La Procura di Torino ha chiesto il rinvio a giudizio per 7 persone, tutti imprenditori, coinvolti nei due incidenti sul lavoro avvenuti sei anni fa all’interno del cantiere dell’inceneritore del Gerbino a Torino e nel quale perse la vita Antonio Carpini 42enne andriese. 28 giorni più tardi la morte di Carpini perse la vita nel secondo incidente Cosimo Di Muro, 47enne originario di Canosa di Puglia.

Carpini, il 3 marzo del 2012, è caduto da un’altezza di 27 metri a causa di un difetto di coordinamento tra lui e il collega che manovrava la gru per posizionare una mensola rampante sulla testata del muro nord della fossa rifiuti. Cosimo Di Muro, il 31 marzo del 2012, è morto dopo un volo di 40 metri perché la mensola rampante sulla quale stava lavorando era stata agganciata alla parete in maniera difettosa.

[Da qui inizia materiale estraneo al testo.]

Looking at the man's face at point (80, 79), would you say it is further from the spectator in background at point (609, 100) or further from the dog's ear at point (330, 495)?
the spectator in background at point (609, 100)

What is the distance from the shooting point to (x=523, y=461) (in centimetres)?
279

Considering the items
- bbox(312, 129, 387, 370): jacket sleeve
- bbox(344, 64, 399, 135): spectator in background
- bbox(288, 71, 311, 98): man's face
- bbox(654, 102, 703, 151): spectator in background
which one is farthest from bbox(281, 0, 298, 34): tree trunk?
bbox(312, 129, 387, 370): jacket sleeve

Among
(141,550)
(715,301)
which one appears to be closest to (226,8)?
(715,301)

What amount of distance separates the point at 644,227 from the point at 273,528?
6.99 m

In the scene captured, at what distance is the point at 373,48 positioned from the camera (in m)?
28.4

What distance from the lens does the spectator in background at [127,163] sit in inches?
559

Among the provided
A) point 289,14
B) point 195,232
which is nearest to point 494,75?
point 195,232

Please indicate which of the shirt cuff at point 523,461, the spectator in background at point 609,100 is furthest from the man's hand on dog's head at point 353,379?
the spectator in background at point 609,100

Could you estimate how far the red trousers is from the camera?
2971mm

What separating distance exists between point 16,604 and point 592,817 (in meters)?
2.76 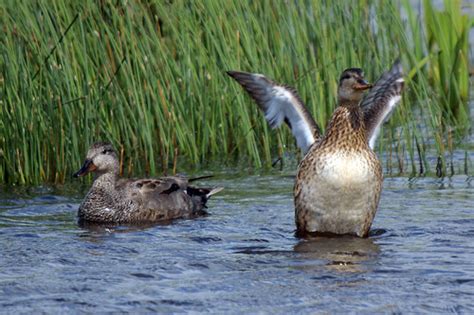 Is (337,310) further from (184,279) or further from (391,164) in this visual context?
(391,164)

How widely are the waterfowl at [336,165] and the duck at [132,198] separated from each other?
1489 mm

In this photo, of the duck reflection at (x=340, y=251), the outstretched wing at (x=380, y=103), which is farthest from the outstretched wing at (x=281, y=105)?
the duck reflection at (x=340, y=251)

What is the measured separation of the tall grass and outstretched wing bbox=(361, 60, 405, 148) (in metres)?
0.83

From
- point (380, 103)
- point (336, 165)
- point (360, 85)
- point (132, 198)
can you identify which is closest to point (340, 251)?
point (336, 165)

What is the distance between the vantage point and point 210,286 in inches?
304

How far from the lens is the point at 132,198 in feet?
35.9

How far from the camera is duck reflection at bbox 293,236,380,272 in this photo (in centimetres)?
850

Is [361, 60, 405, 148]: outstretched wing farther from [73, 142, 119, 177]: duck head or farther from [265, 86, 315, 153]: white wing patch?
[73, 142, 119, 177]: duck head

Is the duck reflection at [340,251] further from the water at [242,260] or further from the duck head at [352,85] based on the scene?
the duck head at [352,85]

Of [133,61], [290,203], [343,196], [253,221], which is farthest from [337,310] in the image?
[133,61]

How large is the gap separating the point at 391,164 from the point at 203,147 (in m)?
1.97

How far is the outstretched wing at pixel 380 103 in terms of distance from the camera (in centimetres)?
1040

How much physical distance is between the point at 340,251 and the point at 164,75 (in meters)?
3.63

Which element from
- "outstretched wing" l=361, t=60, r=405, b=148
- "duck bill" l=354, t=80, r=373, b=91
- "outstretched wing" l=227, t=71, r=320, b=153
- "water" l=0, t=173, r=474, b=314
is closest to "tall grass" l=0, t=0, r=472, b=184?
"water" l=0, t=173, r=474, b=314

A distanza di poco più di sei anni da quelle due tragedie sul lavoro, il sostituto procuratore Laura Longo ha chiesto il rinvio a giudizio per sette imprenditori che si occupavano della realizzazione del termovalorizzatore.

Non dovranno però rispondere solo di omicidio colposo. Sono infatti accusati anche di lesioni personali colpose. Durante il secondo incidente, quello del 31 marzo, rimasero feriti altri due operai: il fratello di Di Muro, Antonio, e il romeno Mihai Lupu, anche lui viveva in Puglia. E tre mesi più tardi, il 28 giugno, è un operaio di origini polacche, Tadeusz Jankowsky, a restare ferito per una caduta causata dal cedimento di un altro ponteggio.

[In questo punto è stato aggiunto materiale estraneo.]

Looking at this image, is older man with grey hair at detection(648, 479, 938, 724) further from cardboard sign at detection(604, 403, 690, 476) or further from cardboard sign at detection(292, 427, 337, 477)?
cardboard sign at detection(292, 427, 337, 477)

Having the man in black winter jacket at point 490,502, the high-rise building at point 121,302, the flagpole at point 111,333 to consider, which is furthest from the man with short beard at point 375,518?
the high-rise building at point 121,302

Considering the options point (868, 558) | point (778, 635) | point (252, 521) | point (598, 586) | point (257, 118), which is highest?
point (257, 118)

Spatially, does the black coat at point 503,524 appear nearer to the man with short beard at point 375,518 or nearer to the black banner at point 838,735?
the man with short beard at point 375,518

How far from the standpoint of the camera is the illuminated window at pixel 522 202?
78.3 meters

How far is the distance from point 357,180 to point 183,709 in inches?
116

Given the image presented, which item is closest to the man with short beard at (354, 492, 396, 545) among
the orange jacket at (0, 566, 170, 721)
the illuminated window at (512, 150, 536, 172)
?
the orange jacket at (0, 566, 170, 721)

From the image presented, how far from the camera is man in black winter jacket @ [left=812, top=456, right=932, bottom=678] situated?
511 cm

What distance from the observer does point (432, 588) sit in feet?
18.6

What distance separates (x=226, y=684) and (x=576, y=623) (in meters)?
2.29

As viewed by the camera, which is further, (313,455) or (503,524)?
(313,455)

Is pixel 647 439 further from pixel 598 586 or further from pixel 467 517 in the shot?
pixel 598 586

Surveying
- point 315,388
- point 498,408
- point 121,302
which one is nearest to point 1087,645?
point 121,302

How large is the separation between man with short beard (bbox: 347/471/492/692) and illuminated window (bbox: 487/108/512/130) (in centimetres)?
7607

La richiesta di rinvio a giudizio riguarda i responsabili dell’impresa affidataria dei lavori e della società capogruppo delle imprese esecutive, i coordinatori della fase di sicurezza, di progettazione e di esecuzione dei lavori, il dirigente responsabile del cantiere, il datore di lavoro dell’impresa subappaltatrice.

Nessun indagato, invece, tra i dirigenti di Trm (primo affidatario dei lavori) e neppure tra i responsabili della ditta che fornì le mensole rampanti: sarebbero infatti risultate perfette al termine di una consulenza tecnica che il Pm ha affidato al Politecnico di Torino. Il problema, infatti, fu il modo in cui quei ponteggi vennero utilizzati nel cantiere dell’inceneritore.